What is EIA?
- Environment Impact Assessment or EIA can be defined as the study to predict the effect of a proposed activity/project on the environment.
- EIA is a decision-making tool that compares various alternatives for a project and seeks to identify the one which represents the best combination of economic and environmental costs and benefits.
- It provides information on the likely impacts of development projects to those who take the decision as to whether the project should be authorised.
What EIA does?
- EIA examines both beneficial and adverse consequences of the project and ensures that these effects are taken into account during project implementation.
- EIA helps to identify possible environmental effects of the proposed project, proposes measures to mitigate adverse effects and predicts whether there will be significant adverse environmental effects, even after the mitigation is implemented.
- Protection of environment, optimum utilisation of resources and saving of time and cost of the project.
- Lessens conflicts by promoting community participation, informing decision makers, and helping lay the base for environmentally sound projects.
- Benefits observed in all stages of a project, from exploration and planning, through construction, operations, decommissioning, and beyond site closure.
Evolution of EIA
- EIA is one of the successful policy innovations of the 20th Century for environmental conservation.
- Thirty-seven years ago, there was no EIA but today, it is a formal process in many countries and is currently practiced in more than 100 countries.
- EIA as a mandatory regulatory procedure originated in the early 1970s, with the implementation of the National Environment Policy Act (NEPA) 1969 in the US.
- A large part of the initial development took place in a few high-income countries, like Canada, Australia, and New Zealand (1973-74).
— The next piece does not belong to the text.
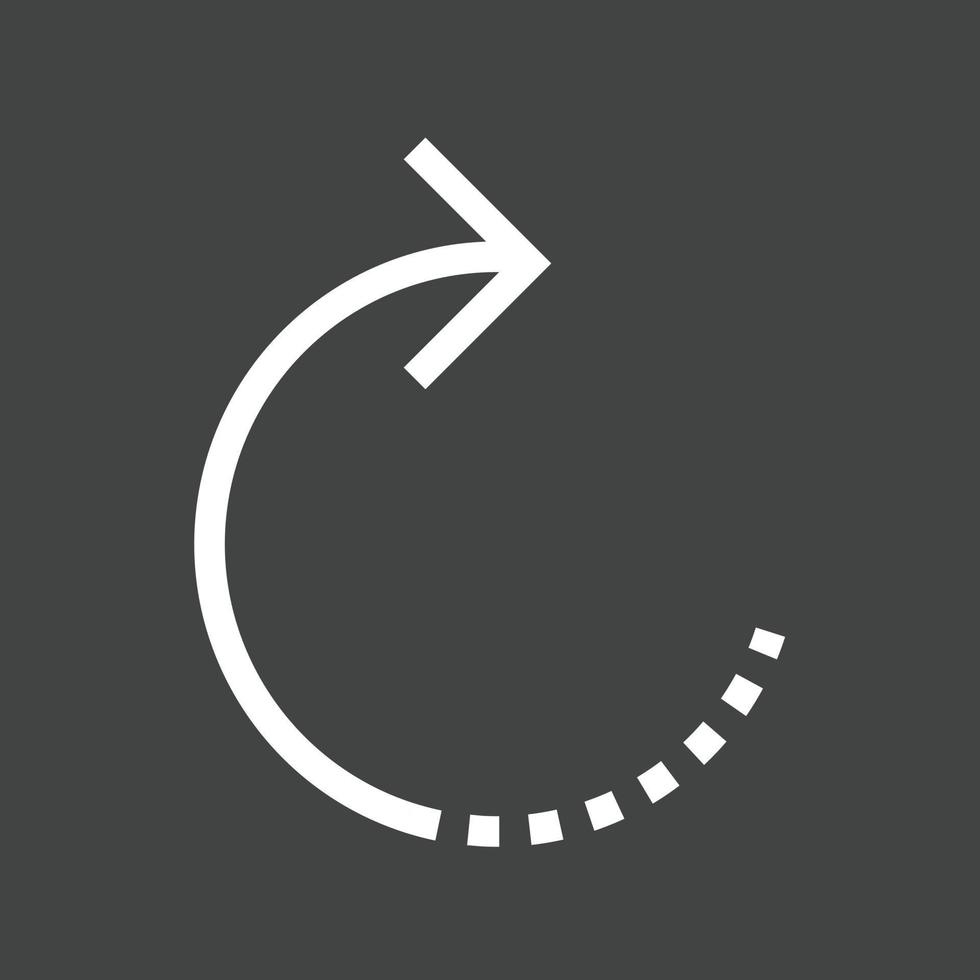 Rotate Right Line Inverted Icon vector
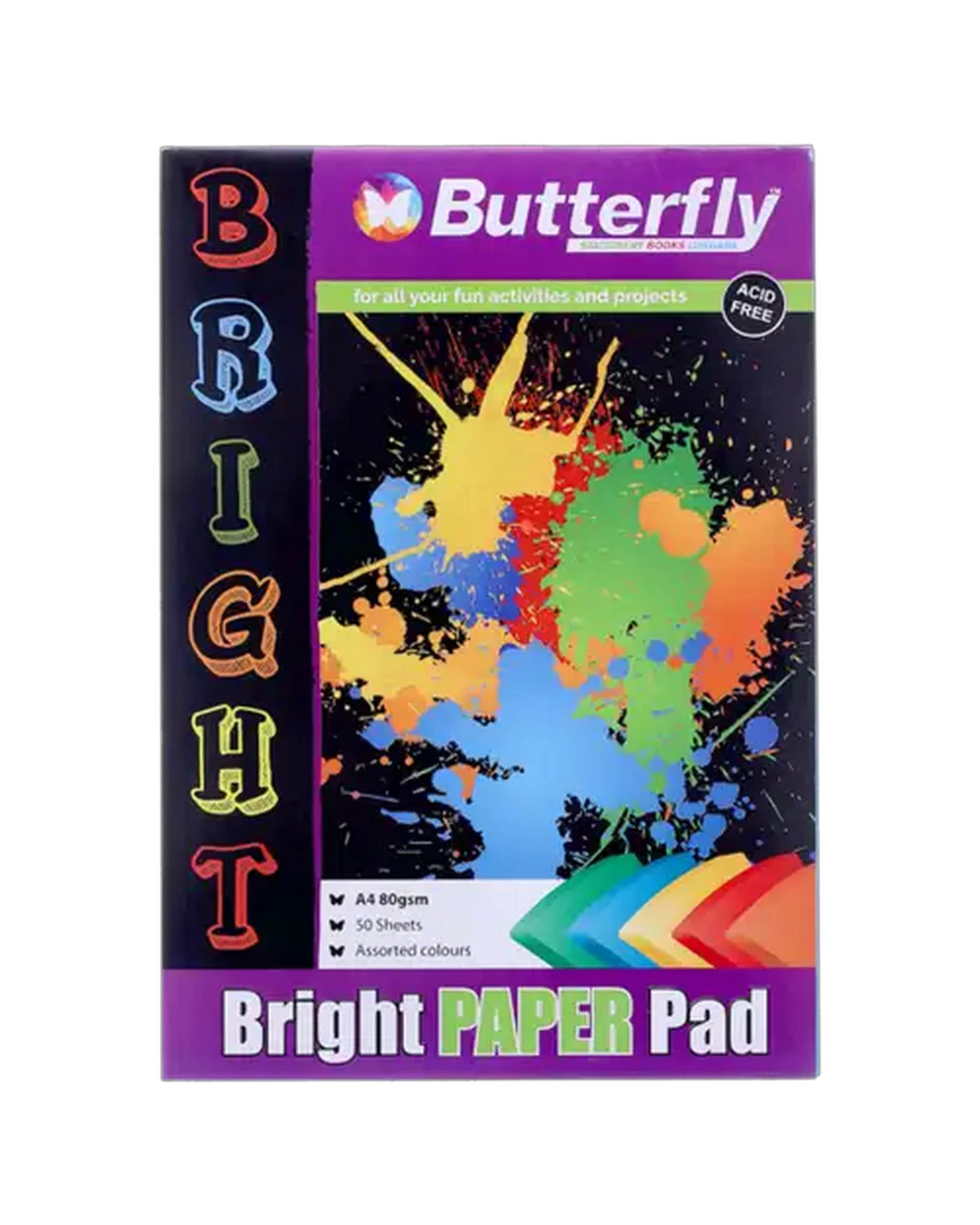 BUTTERFLY A4 BRIGHT BOARD PAD 20 SHEETS 160 GSM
- However, there were some developing countries as well, which introduced EIA relatively early – Columbia (1974), Philippines (1978).
The EIA process really took off after the mid-1980s.
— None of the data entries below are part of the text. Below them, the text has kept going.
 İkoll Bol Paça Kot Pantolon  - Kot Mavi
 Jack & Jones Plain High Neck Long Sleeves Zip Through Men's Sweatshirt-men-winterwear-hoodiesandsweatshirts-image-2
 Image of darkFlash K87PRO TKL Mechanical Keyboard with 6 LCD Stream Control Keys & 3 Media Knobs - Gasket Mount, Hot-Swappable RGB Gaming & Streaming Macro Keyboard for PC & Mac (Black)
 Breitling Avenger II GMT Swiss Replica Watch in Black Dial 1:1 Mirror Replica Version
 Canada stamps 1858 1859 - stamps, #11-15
- In 1989, the World Bank adopted EIA for major development projects, in which a borrower country had to undertake an EIA under the Bank’s supervision.
History of EIA in India
- EIA started in 1976-77 when the Planning Commission asked the Department of Science and Technology to examine the river-valley projects from an environmental angle.
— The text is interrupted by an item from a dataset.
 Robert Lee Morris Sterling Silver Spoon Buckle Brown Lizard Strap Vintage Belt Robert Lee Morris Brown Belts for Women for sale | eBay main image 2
- Till 1994, environmental clearance from the central government was an administrative decision and lacked legislative support.
- In 1994, the Union Ministry of Environment and Forests (MEF), under the Environmental (Protection) Act 1986, promulgated an EIA notification making Environmental Clearance (EC) mandatory for expansion or modernisation of any activity or for setting up new projects.
There are eight steps of the EIA process that are given below
- Screening: First stage of EIA, which determines whether the proposed project, requires an EIA and if it does, then the level of assessment required.
- Scoping: This stage identifies the key issues and impacts that should be further investigated. This stage also defines the boundary and time limit of the study.
- Impact analysis: This stage of EIA identifies and predicts the likely environmental and social impact of the proposed project and evaluates the significance.
- Mitigation: This step in EIA recommends the actions to reduce and avoid the potential adverse environmental consequences of development activities.
- Reporting: This stage presents the result of EIA in a form of a report to the decision-making body and other interested parties.
- Review of EIA: It examines the adequacy and effectiveness of the EIA report and provides the information necessary for decision-making.
- Decision-making: It decides whether the project is rejected, approved or needs further change.
- Post monitoring: This stage comes into play once the project is commissioned. It checks to ensure that the impacts of the project do not exceed the legal standards and implementation of the mitigation measures are in the manner as described in the EIA report.